INTERNET-DRAFT Rick Henderson
draft-dasl-scenarios-00.html Netscape Communications
September 4, 1998
Expires Mar 4, 1999
Scenarios for DASL
Status of this Memo
This document is an Internet draft. Internet drafts are working documents
of the Internet Engineering Task Force (IETF), its areas and its working groups.
Note that other groups may also distribute working
information as Internet drafts.
Internet Drafts are draft documents valid for a maximum of six months
and can be updated, replaced or obsoleted by other documents at
any time. It is inappropriate to use Internet drafts as reference material
or to cite them as other than as "work in progress".
To learn the current status of any Internet draft please check the "lid-abstracts.txt"
listing contained in the Internet drafts shadow
directories on ftp.is.co.za (Africa), nic.nordu.net (Europe), munnari.oz.au
(Pacific Rim), ds.internic.net (US East coast) or ftp.isi.edu (US
West coast). Further information about the IETF can be found at URL:
http://www.ietf.org/.
Distribution of this document is unlimited. Please send comments to
the mailing list at www-webdav-dasl@w3.org, which may be
joined by sending a message with subject "subscribe" to www-webdav-dasl-request@w3.org.
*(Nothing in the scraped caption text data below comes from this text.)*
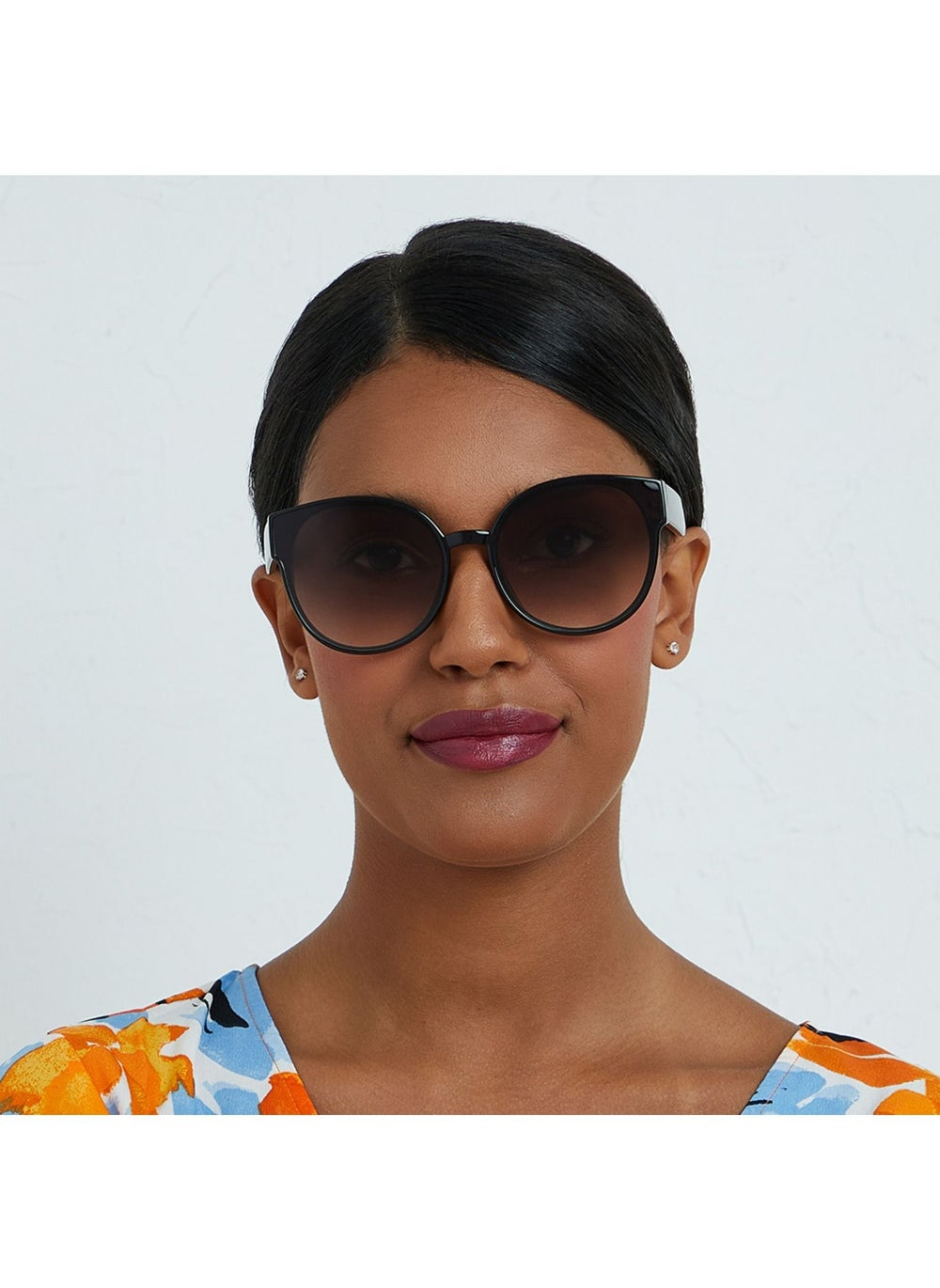 buy-blackout-serene-women-brown-sunglasses-frame-material-thermoplastic-rubber-tr90-frame-color-brown-lens-color-brown-full-rim_e0k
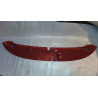 96030-EM30A Nissan Versa Rear Trunk Spoiler 2007-2012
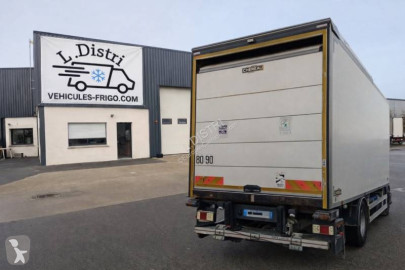 Camion Renault D-Series 19.280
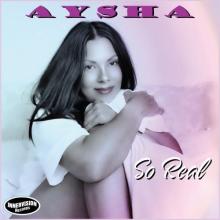 Aysha - So Real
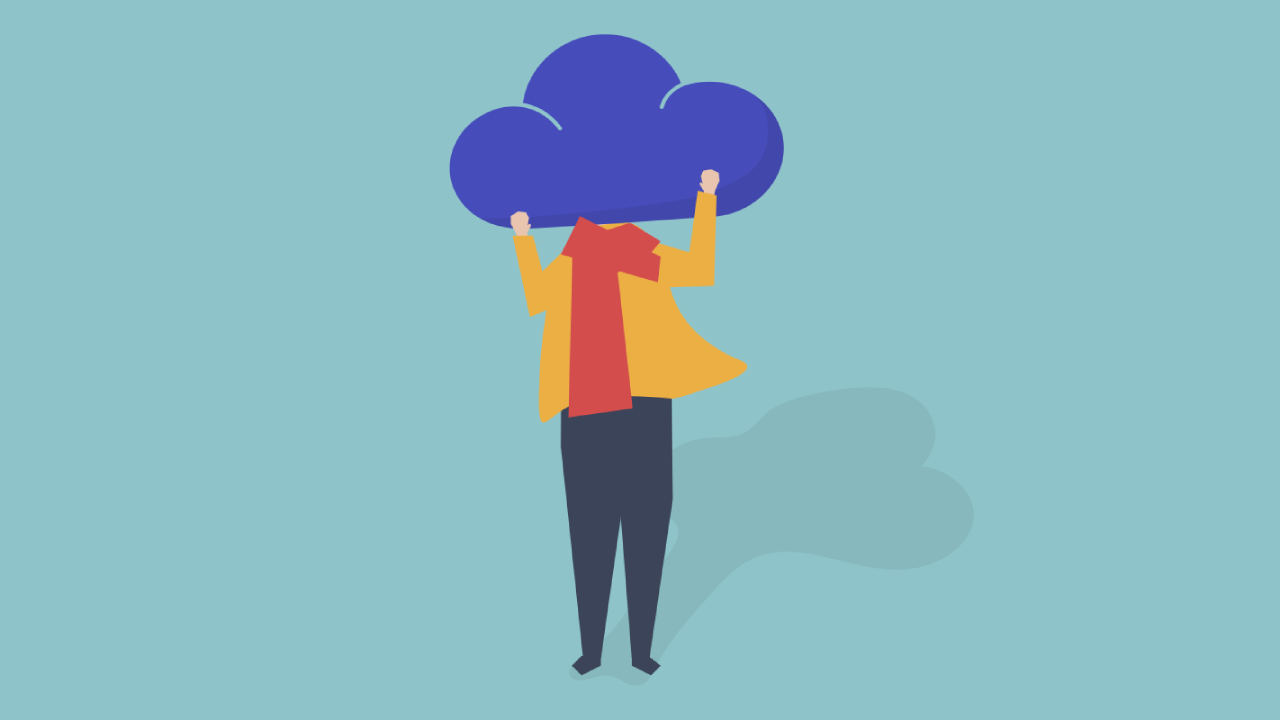 Problemi u Cloudflare mreži oborili ecommerce sajtove, uključujući X i ChatGPT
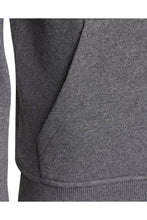 Load image into Gallery viewer, Signature Hoodie Mid Grey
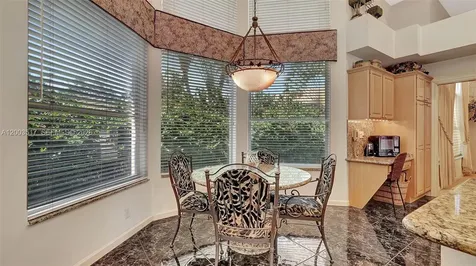 681 NW 100th Terrace Plantation FL 33324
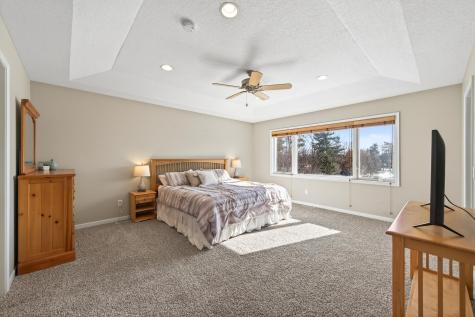 10320 Abbott Drive N Brooklyn Park MN 55443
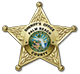 Palm Beach County Sheriff's Office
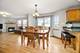 2429 Jackson Branch, New Lenox, IL 60451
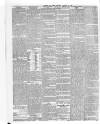 Ripon Gazette Saturday 12 January 1889 Page 6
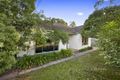 Property photo of 11 Surrey Street Ringwood VIC 3134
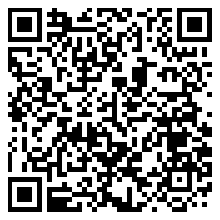 QR code Trakheesi Dubai Land Department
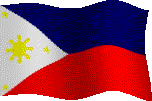 Ph-flag1.gif - 23387 Bytes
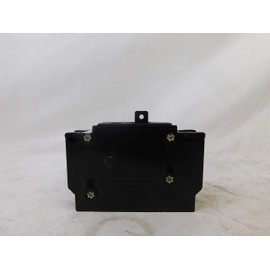 Eaton QC1060 60A, 1P, 120/240V, Type QC, 10 kAIC, CB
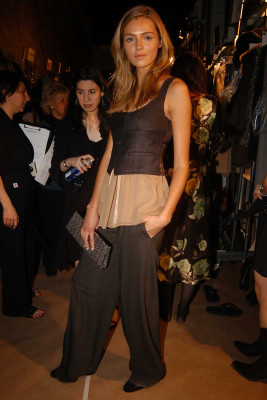 Valentina Zelyaeva pic #265114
Discussions of the list are archived at http://www.w3.org/pub/WWW/Archives/Public/www-webdav-dasl.
Abstract
The Distributed Authoring and Versioning protocol [WEBDAV] defines simple
mechanisms to assign and retrieve values for properties. This document
presents scenarios for a WebDAV extension to support efficient searching
for resources based on WEBDAV properties and content. These scenarios are
intended to suggest some of the uses that DASL could be put to. This
may in turn motivate decisions on what is essential to DASL and what may
be considered extra.
1. Introduction
The scenarios below are intended to provoke discussion of what DASL should
and shouldn't do. It is not necessarily true that DASL should support
all of these or to what extent DASL should support them and to what extent
DASL is a small piece of what it would take to support them. At least
one is probably impossible. These scenarios should encompass most
of the sorts of things that we expect DASL to play a part in.
2. Scenarios
The scenarios below are roughly grouped into scenarios dealing with the
following topics: Document Management, Seeking Information, Navigation,
Controversial Scenarios, Document Management Alliance, and Various types
of documents DASL could search over.
2.1 Document Management
Search could be used to help keep track of what is going on with a set
of DAV resources. Some DASL queries that might help with this:
-
Search for all the documents that are locked.
-
Search for all the owners of locked documents.
-
Search for documents that have been locked for more than 1 week. [Though
desirable this is impossible since DAV does not record the time when a
document was locked]
-
Search for documents that have not changed in the last year.
These queries could help find documents that are likely to be undergoing
changes, who is changing them, what documents have been locked for too
long, what documents aren't dynamic anymore.
2.2 Seeking Information
2.2.1 Finding a specific document by phrase
A user remembers a document that they liked and want to see again but doesn't
have it book marked or remember the location. They do remember a
key phrase from the content though. They can search for the phrase
such as "invisible car", and find the document without picking through
a large number of irrelevant documents.
2.2.2 Finding a specific document by author and date range
A user's information need may be expressed something like this: "I need
that trip report that John Doe wrote last spring." They don't know
its location or its title. They can search for documents with author
equal to "John Doe" and create date greater than 1998/01/01 and less than
1998/06/01. This may yield few enough documents to easily find the one
of interest.
2.2.3 Finding a specific document using content search
Another user's information need may be like this: "I need that article
I saw a while back that made a connection between epilepsy, migraines,
and zinc." They can do a content based search using the words, epilepsy,
migraine, and zinc.
2.2.4 Finding a specific document using both content and property
search
The user who wanted to find the trip report that John Doe wrote last spring
may find that John Doe was very prolific and wrote several hundred things
last spring. The user may do better using both content and property
search. They can search for documents with author equal to
"John Doe" and create date greater than 1998/01/01 and less than 1998/06/01
that contain the some of the words IETF, Redmond, and DASL.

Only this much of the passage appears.